Storie di altre impronte materiali, recuperate a nuova vita, sono quelle presentate nell’articolo di Pietro Tosca sul lavoro dei restauratori Marcello e Paolo Bonomi, dal Cenacolo di Leonardo in avanti: recuperi e valorizzazione di importanti cicli e di prestigiose opere, nella ricomposizione di molti tasselli del tessuto culturale della nostra storia; e altre impronte ancora, più remote nel tempo, quelle conservate, e fatte conoscere, nel Museo Archeologico delle Grandi Opere di Pagazzano, con le loro affascinanti e misteriose narrazioni di vita quotidiana degli abitanti di migliaia di anni fa (ne scrivono Stefania De Francesco e Cristina Longhi). Più vicine a noi nel tempo, le contemporanee impronte dei reportages fotografici di Andrea Badoni, che ha lasciato, e lascia, impronte di avvenimenti, campagne pubblicitarie, personaggi, architetture e racconti visivi di grande coinvolgimento (testo di Lorenzo Carli).

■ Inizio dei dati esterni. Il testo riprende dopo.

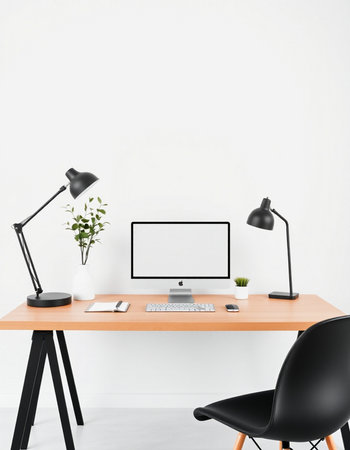 Close up of modern workplace with computer, lamp and plant. Mock up, 3D Rendering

Anche una città come Treviglio può essere ricordata per le impronte lasciate nelle cartoline d’epoca (“il seme vivo di una comunità”, tenerissimi oggetti caduti in disuso a fronte di messaggini mordi e fuggi). Se ne scrive nell’articolo di Marco Carminati e Vincenzo Mazzoleni.

Chiudono il numero le pagine dedicate alla Scuola di Bergamo, fitte di riflessioni sulla condizione “errante” degli artisti del nostro tempo. L’auspicio formulato è quello di rivedere, presto e concretamente, l’arte tornare a convivere con gli spazi quotidiani delle nostre vite. Seguono le rubriche con il puntuale dettaglio di attività e iniziative, finalizzate anche a offrire la disponibilità della Associazione in previsione del 2023, anno della cultura tra Bergamo e Brescia.
Mauro Pellicioli, Pino Pizzigoni e Giovanni Battista Galizzi vengono ricordati, con altrettante citazioni (rispettivamente del 1931, 1932 e 1926) nella rubrica “C’era una volta la Rivista di Bergamo”. Personaggi con ordini di grandezza sempre attuali nei rispettivi campi.